I'm not a go user, but this strikes me as an over-reaction. If your code is only correct with a specific patch release, then it really is your business to make that so. If someone downstream wants to use library_method_broadly_correct and not library_method_correct_only_with_latest, then downstream should patch your source to allow them to do something unsupported. That becomes their problem. If this is likely to be a significant problem that will affect many users, then this is a codesmell warning you that you've probably got two libraries which you're just jumbling together into one: the solution isn't to falsely gate a safe function behind a high dependency version, nor to falsely release a function to people who can't use it safely, but to publish each with its own requirements expressly stated.
Aurornis 2 days ago [-]
That part struck me as well. I agree with the premise that the field should represent the minimum supported version, but I don’t understand the argument that it shouldn’t be set to the minimum supported version that works. That’s the point of a minimum supported version field.
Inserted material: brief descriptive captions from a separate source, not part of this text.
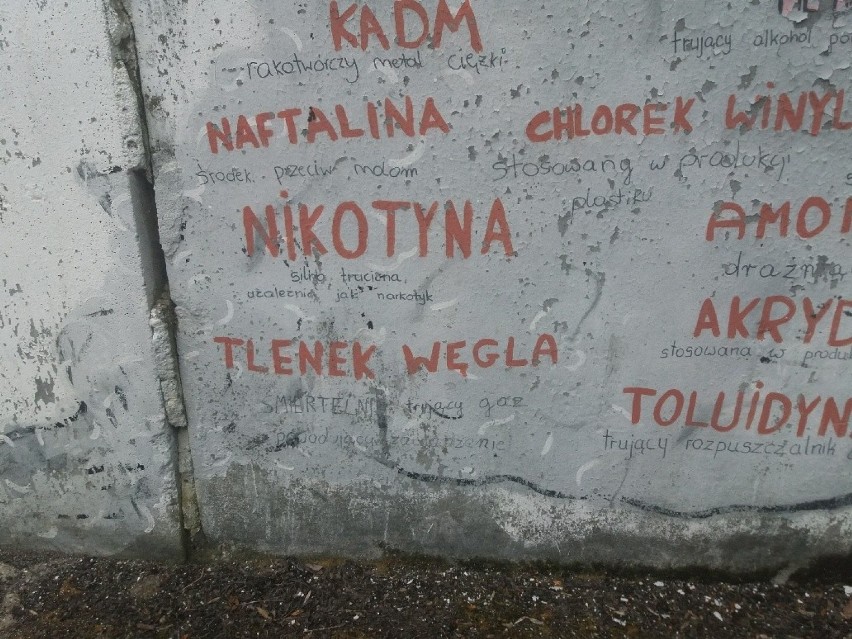 Nietypowy mural ,,zdobi'' ogrodzenie jednej z międzyrzeckich...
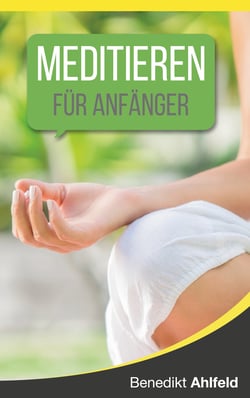 Meditieren lernen für Anfänger - Ein satirisches Praxishandbuch (mit einer simplen, aber höchst effektiven Technik)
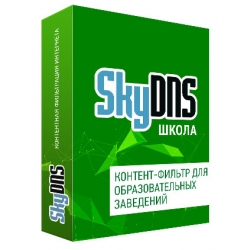 SkyDNS.Школа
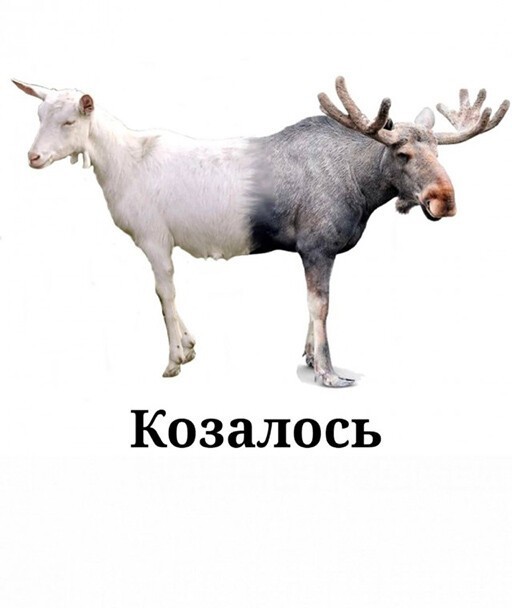 Смешные и познавательные картинки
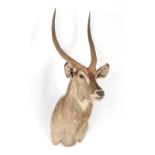 Taxidermy: Ellipsen Waterbuck (Kobus ellipsiprymnus), modern, South Africa, Rowland Ward Record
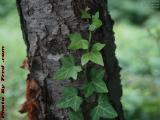 Climbing Vine, Dell Court, Lynn, Massachusetts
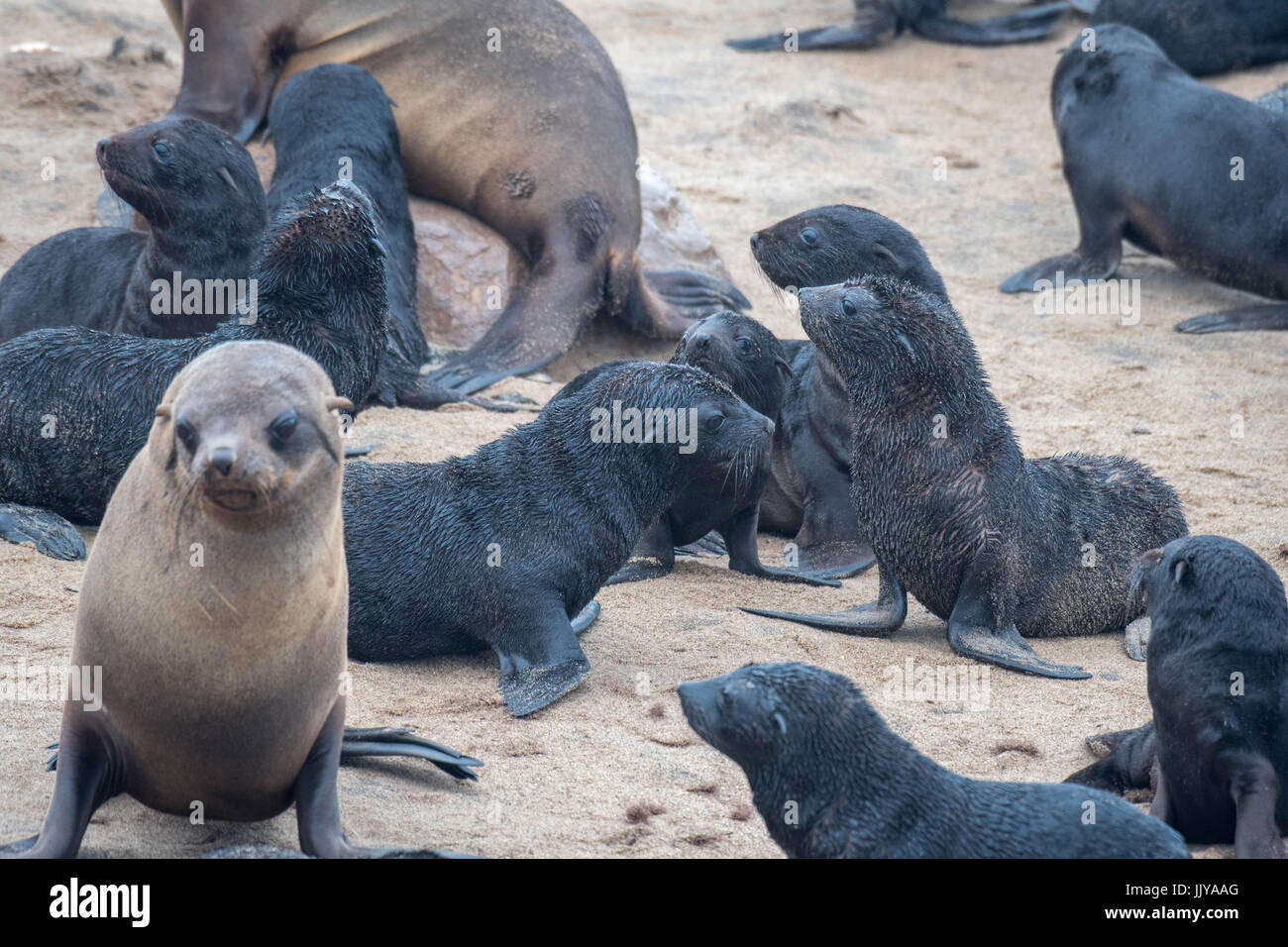 Young seals resting at the Cape Cross Seal Reserve, located in Namibia, Africa. Stock Photo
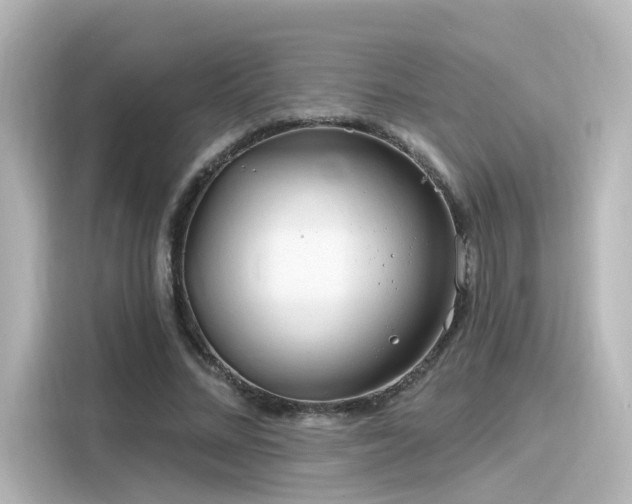 X0000116160684200911301602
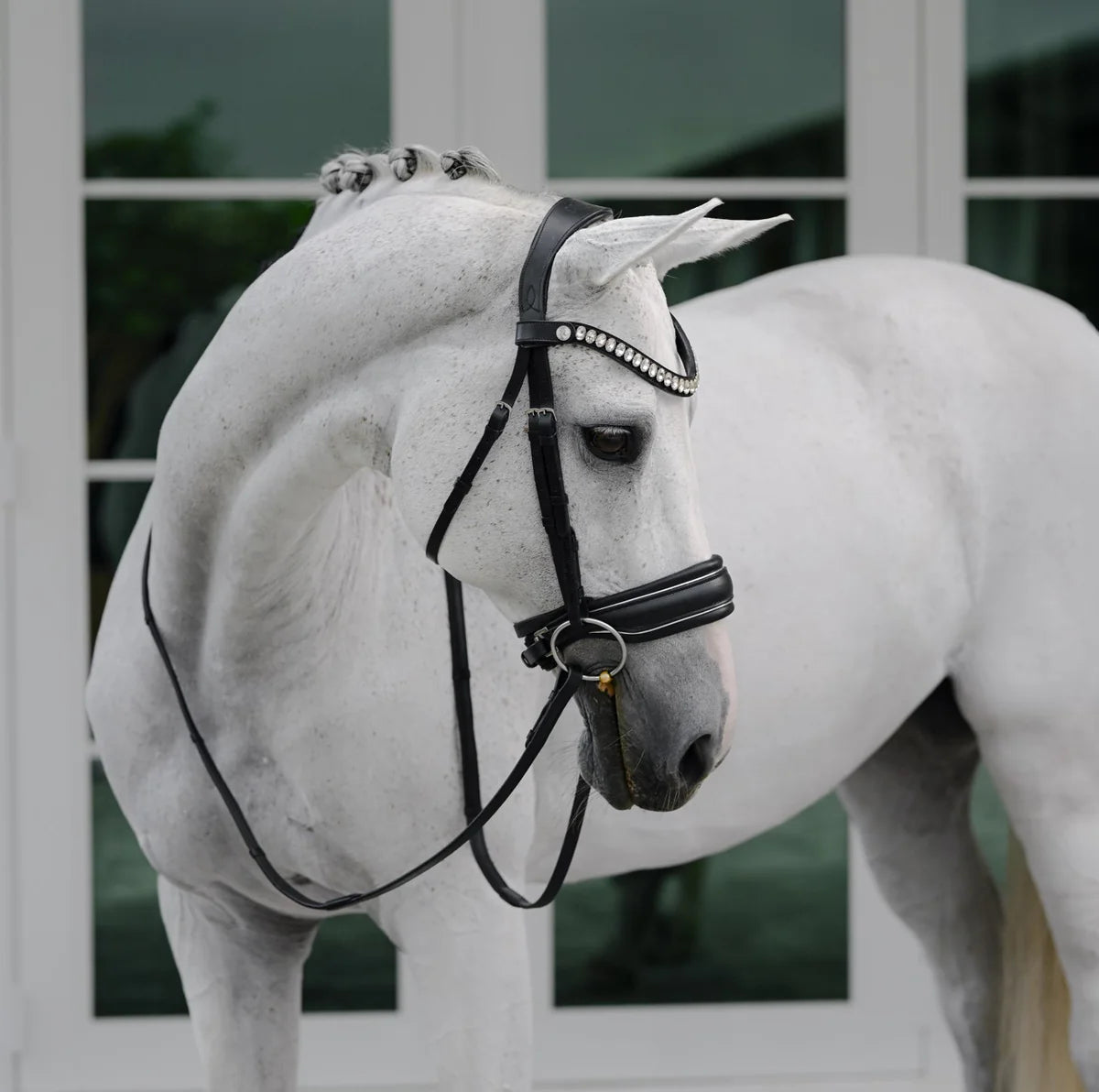 Lumiere - Luxe Cavesson hoofdstel 'Diva'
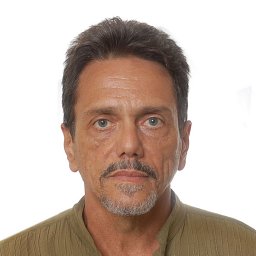Emerson Andrade Sales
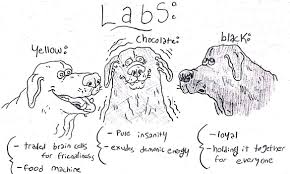 I usually post the images here on this page to be enjoyed by the many followers who all love a gorgeous dog as much as you do. Illustrator Draws Hilarious Guide To Different Dog Breeds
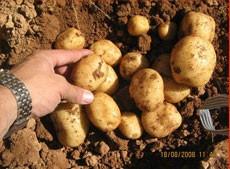 Proveedores patatas. Patatas de siembra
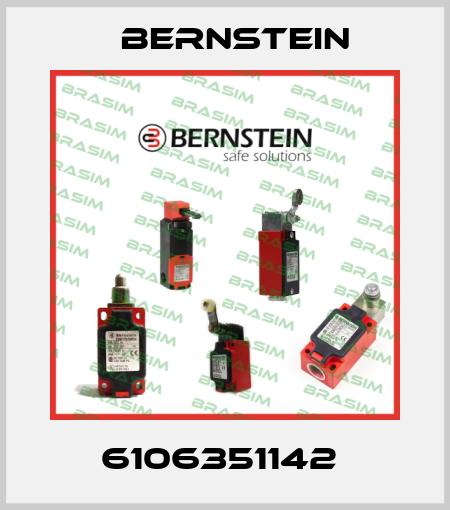 6106351142  Bernstein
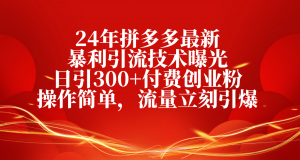 24年拼多多最新暴利引流技术曝光,日引300+付费创业粉,操作简单,流量…-KJ分享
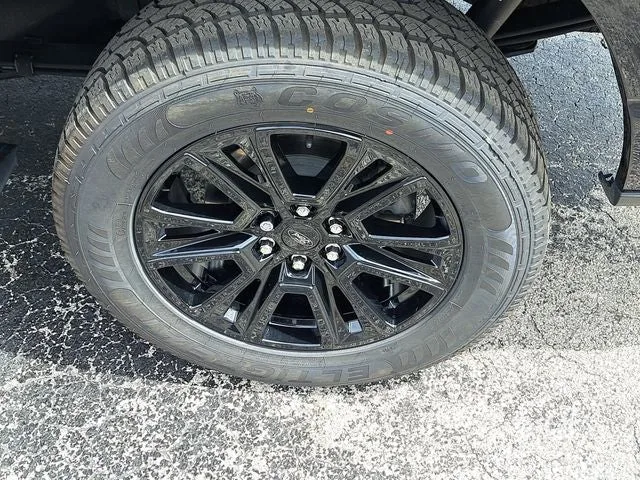 2024 Ford F-150 Platinum photo 5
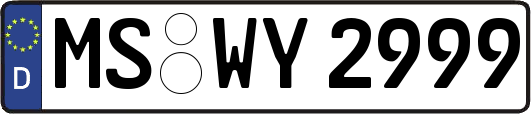 MS-WY2999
EdwardDiego 1 days ago [-]
I'm struggling to think of a scenario where bumping the minimum Go version you support would be essential to fixing a bug though, because that would imply a massive Golang bug and AFAIK it's pretty stable.
And if it was a massive Golang bug, then maybe everyone needs to upgrade anyway.
billsmithaustin 25 minutes ago [-]
Or not a Golang bug at all but rather a new Golang feature that the developer chose to use rather than trying to be backward compatible with some older Golang versions.
boomlinde 1 days ago [-]
I think "minimum supported version" is a specific enough qualifier on its own. Whether or not it works on my favorite earlier version, actually supporting that version and making sure to maintain compatibility is more work for the maintainer.
howardjohn 2 days ago [-]
I can admit that part was maybe a bit extreme :) fortunately in practice this would be a pretty rare situation IME due to how compatible Go is across versions.
(Blog author)
frizlab 19 hours ago [-]
I’m afraid setting a version lower than the one you’re using means you have to setup a CI of some kind to verify compilation does indeed work for previous versions of go.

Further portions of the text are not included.